Alex Harris

Personal information
- Born: January 30, 1986 (age 39) Mission Viejo, California
- Nationality: American
- Listed height: 196 cm (6 ft 5 in)
- Listed weight: 90 kg (198 lb)

Career information
- High school: St. Joseph Notre Dame (Alameda, California)
- College: UC Santa Barbara (2004–2008)
- NBA draft: 2008: undrafted
- Playing career: 2008–2019
- Position: Shooting guard

Career history
- 2008–2009: PGE Turów Zgorzelec
- 2009–2010: Energa Czarni Slupsk
- 2010–2012: Ludwigsburg
- 2012–2013: Eisbären Bremerhaven
- 2013–2014: Walter Tigers Tübingen
- 2014–2015: Aries Trikala
- 2015–2016: Enel Brindisi
- 2016: AEK Larnaca
- 2017: Doxa Lefkadas
- 2017–2018: Regatas Corrientes
- 2018–2019: Hapoel Ramat Gan Givatayim

Career highlights
- Cypriot Super Cup winner (2016); Bundesliga All-Star (2011); Big West co-Player of the Year (2008); 2× First-team All-Big West (2007, 2008); AP honorable mention All-American (2008);

= Alex Harris (basketball) =

American basketball player (born 1986)

Alexander Cory Harris (born January 30, 1986) is an American former professional basketball player. He played eleven seasons in several European countries. Harris played collegiately for UC Santa Barbara where he was the 2008 Big West Conference co-Player of the Year. He currently is a P.E teacher at a school in Vallejo, California

==College career==
Harris played high school basketball for St. Joseph Notre Dame (Alameda, California), leading them to a California Division 4 championship as a senior.

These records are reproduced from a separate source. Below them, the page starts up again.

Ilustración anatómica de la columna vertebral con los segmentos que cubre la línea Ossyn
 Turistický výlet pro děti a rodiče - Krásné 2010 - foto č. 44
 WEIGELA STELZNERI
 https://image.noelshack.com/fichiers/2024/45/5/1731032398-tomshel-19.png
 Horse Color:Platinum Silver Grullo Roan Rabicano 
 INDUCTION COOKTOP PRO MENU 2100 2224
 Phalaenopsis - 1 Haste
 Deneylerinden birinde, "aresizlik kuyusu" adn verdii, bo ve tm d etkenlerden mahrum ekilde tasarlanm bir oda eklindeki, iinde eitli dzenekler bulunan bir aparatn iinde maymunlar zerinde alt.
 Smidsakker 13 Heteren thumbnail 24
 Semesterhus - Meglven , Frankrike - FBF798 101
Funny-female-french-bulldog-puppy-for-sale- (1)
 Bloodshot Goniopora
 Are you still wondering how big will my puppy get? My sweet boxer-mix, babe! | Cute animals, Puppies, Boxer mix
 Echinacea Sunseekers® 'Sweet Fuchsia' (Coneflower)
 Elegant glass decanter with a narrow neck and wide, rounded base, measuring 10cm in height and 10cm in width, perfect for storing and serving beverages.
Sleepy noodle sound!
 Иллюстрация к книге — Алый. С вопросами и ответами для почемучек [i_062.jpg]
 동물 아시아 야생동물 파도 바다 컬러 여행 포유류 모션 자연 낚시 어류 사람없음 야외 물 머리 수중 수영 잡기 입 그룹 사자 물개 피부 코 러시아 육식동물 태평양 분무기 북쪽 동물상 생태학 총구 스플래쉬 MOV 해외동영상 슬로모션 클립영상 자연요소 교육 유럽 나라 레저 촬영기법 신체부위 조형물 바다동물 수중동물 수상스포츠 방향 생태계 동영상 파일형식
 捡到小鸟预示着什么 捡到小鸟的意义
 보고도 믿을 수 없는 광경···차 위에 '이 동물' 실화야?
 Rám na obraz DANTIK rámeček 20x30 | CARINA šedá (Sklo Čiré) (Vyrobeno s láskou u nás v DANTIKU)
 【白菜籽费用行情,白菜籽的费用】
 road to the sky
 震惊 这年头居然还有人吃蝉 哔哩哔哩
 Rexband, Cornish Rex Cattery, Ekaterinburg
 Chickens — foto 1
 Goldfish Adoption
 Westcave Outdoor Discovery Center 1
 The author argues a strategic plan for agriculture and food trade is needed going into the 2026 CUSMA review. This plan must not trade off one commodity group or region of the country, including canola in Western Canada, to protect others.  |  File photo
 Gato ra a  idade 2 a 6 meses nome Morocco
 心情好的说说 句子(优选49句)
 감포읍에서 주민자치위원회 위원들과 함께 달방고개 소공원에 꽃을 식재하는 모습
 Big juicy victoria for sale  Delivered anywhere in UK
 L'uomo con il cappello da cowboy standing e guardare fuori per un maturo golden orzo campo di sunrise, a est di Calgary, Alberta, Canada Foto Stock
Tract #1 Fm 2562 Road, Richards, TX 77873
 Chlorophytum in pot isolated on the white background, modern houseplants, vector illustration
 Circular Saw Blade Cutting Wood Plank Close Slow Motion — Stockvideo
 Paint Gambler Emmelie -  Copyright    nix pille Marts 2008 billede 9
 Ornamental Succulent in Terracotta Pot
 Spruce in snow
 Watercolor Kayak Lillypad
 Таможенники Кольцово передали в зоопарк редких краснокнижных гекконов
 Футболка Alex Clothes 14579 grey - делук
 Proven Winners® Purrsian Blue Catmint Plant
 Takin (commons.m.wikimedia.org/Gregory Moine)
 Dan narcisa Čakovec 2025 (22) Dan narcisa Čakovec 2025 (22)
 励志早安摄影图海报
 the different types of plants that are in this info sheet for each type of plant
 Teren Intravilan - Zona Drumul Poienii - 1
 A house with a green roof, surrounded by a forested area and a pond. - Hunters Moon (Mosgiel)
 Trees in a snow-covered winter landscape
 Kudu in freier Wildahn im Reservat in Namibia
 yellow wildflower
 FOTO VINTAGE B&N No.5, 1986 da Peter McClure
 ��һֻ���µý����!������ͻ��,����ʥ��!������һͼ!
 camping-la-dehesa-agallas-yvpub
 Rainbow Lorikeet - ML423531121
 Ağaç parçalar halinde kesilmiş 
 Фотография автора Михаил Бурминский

He joined the University of California at Santa Barbara, playing in the Big West Conference of the NCAA Division I, in 2004.

In his junior season in 2006–07, Harris made a leap in his production, raised his scoring average from 8.3 points per game to a Conference 21.1.

In his senior season, Harris was named to the preseason All-Big West team and continued his strong play, averaging 20.2 points per game.
He led the Gauchos to the top seed in the 2008 Big West tournament and was named the Big West co-Player of the Year (with Cal State Fullerton's Scott Cutley).
The team went to the 2008 National Invitation Tournament and at the close of the season Harris gained national recognition as an honorable mention All-American by the Associated Press.

==Professional career==
Following the close of his college career, Harris went undrafted in the 2008 NBA draft.
He signed with PGE Turów Zgorzelec of the Polish Basketball League, averaging 7.3 points per game in his first professional season.
He then moved to Energa Czarni Slupsk for the 2009–10 season.
Harris then moved to EnBW Ludwigsburg, and later Eisbären Bremerhaven in Germany's Bundesliga.
He averaged 12.4 points per game with EnBW Ludwigsburg in 2011–12 and 7.7 the following season for Bremerhaven.
He was selected for the 2011 Bundesliga All-Star game.
For the 2013–14 season he signed with WALTER Tigers Tübingen.
On December 21, 2014, he signed with Aries Trikala of Greece for the rest of the 2014–15 Greek Basket League season.

On July 22, 2015, Harris signed with Enel Brindisi of the Italian Serie A.

On December 5, 2018, Harris signed with the Israeli team Hapoel Ramat Gan Givatayim for the rest of the season. In 23 games played for Ramat Gan, he averaged 17.3 points, 5.5 rebounds and 2 assists per game, while shooting 38.7 percent from three-point range.